So it turns out “The Unauthorized Saved by the Bell Story” is really just Lifetime for “Sharknado.” The network opted not to screen the movie in advance, presumably assuming the nostalgia/live-tweeting factor would only be undermined by the realization this wasn’t so much a movie as a music montage interrupted by reenactments from a mediocre but improbably long-running ‘90s Saturday-morning show. Told primarily from the perspective of Dustin Diamond (who doubles as a producer), the project explores the age-old insecurities of young actors and challenges of sudden stardom, but in such a tedious, empty way the bell couldn’t come soon enough.
Diamond’s memoir about the show (which he later disavowed) was said to have provided only partial inspiration for this account, but since Diamond (as played by Sam Kindseth) narrates the movie, periodically breaks the fourth wall to address the camera and generally guides us through this not-so-magical history tour, that sounds like a distinction without a difference.
As related by Diamond, who played nerd supreme Screech, the movie follows the birth of a show (out of the ashes of a jettisoned Disney Channel series), casting of the principals and near-cancellation before the program caught on. Even in success, however, Diamond clearly feels under-appreciated, grousing that during a promotional tour the others were shipped to glamorous cities while he was dispatched to a rec center in South Carolina, where he promptly got drunk and embarrassed the producers.
Other than the outcast status Kindseth brings to Diamond – who, among other things, must deal with a stern father – the rest of the cast is largely lost under wardrobe and hairstyles. As for the salacious stuff, it’s all inordinately tepid – nobody rounds first base – even if one of the adults muses (seemingly more for promotional purposes than anything else), “ Well, the network didn’t kill us. The hormones might.”
Written by Ron McGee and directed by Jason Lapeyre, as history “The Unauthorized Saved by the Bell Story” doesn’t pass the smell test on more than one occasion.

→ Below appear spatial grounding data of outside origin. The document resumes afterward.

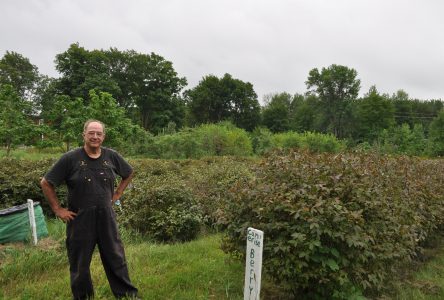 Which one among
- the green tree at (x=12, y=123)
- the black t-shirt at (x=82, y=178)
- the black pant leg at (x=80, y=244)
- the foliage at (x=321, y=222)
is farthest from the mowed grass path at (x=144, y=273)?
the green tree at (x=12, y=123)

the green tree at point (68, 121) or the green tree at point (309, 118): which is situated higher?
the green tree at point (309, 118)

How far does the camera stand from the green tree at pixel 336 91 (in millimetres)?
62156

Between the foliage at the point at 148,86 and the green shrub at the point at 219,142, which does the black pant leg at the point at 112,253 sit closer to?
the green shrub at the point at 219,142

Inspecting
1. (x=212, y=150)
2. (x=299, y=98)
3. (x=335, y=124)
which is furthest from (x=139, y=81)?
(x=299, y=98)

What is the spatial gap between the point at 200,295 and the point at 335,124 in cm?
6115

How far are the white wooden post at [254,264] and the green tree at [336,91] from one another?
6113 centimetres

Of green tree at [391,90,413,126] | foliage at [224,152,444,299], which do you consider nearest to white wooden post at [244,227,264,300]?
foliage at [224,152,444,299]

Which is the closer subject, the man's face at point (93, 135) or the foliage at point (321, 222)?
the foliage at point (321, 222)

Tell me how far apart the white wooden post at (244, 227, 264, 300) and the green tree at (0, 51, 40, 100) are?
5824cm

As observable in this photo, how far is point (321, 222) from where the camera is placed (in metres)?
3.56

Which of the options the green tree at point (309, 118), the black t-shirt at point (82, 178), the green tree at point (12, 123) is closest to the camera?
the black t-shirt at point (82, 178)

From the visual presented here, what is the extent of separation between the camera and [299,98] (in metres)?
82.0

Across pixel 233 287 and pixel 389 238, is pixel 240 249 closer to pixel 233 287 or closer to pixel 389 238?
pixel 233 287

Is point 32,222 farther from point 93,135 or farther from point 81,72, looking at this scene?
point 81,72
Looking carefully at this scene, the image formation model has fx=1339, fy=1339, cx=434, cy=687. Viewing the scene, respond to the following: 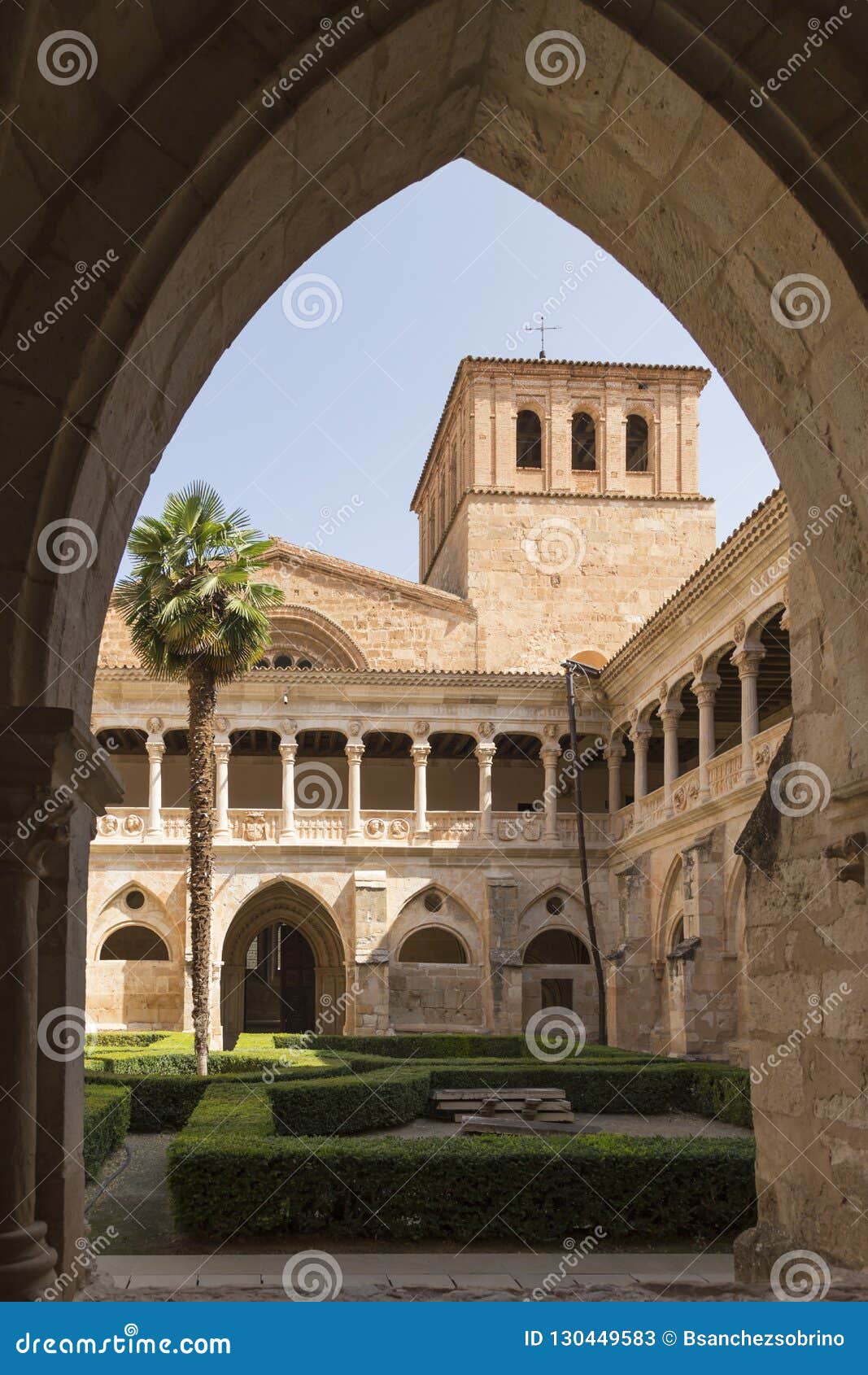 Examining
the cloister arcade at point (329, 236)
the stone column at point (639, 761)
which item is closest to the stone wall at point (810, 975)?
the cloister arcade at point (329, 236)

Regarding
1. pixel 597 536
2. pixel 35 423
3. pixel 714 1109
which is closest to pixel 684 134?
pixel 35 423

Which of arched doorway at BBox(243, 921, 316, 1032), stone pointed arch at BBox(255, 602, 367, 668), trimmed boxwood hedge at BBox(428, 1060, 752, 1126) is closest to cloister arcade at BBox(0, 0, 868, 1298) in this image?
trimmed boxwood hedge at BBox(428, 1060, 752, 1126)

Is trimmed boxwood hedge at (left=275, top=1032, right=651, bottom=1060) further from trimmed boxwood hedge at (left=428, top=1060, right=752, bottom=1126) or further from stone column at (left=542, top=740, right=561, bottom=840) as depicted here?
stone column at (left=542, top=740, right=561, bottom=840)

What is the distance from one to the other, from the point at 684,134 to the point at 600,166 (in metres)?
0.50

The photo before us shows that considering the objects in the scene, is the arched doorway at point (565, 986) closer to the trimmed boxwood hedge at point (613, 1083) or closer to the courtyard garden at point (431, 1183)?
the trimmed boxwood hedge at point (613, 1083)

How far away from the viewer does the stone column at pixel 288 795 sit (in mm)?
27234

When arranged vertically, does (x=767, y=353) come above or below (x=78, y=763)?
above

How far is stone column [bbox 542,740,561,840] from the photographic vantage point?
27.5 meters

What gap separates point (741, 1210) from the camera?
9.69 metres

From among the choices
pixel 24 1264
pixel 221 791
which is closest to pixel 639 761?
pixel 221 791

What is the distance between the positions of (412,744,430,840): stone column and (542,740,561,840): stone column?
8.00 feet

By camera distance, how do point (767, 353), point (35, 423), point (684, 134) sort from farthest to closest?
point (767, 353) < point (684, 134) < point (35, 423)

Among the more questionable moments, Diamond waltzes unannounced into the office of then-NBC Entertainment chief Brandon Tartikoff (Adam Greydon Reid) to shoot the breeze, and Elizabeth Berkley (Tiera Skovbye) references “MASH” as a guidepost while lobbying the cast to join her in insisting that the show incorporate more relevant (think after-school-special territory) plot lines.
Of course, from Lifetime’s perspective, this is more about demography than drama, hoping the audience that watched “Saved by the Bell” as kids and teens – now situated firmly in the 18-49 age bracket – will tune in out of curiosity, with little regard to the actual content.
Given that, the one scene that rings moderately true finds the young and exceedingly naïve actors lamenting the negative reviews that greet the show’s premiere, with Mario Lopez (Julian Works) calling the critics “douchebags” and Diamond dismissing them as irrelevant.
As defense mechanisms go, the more things change, the more they stay the same.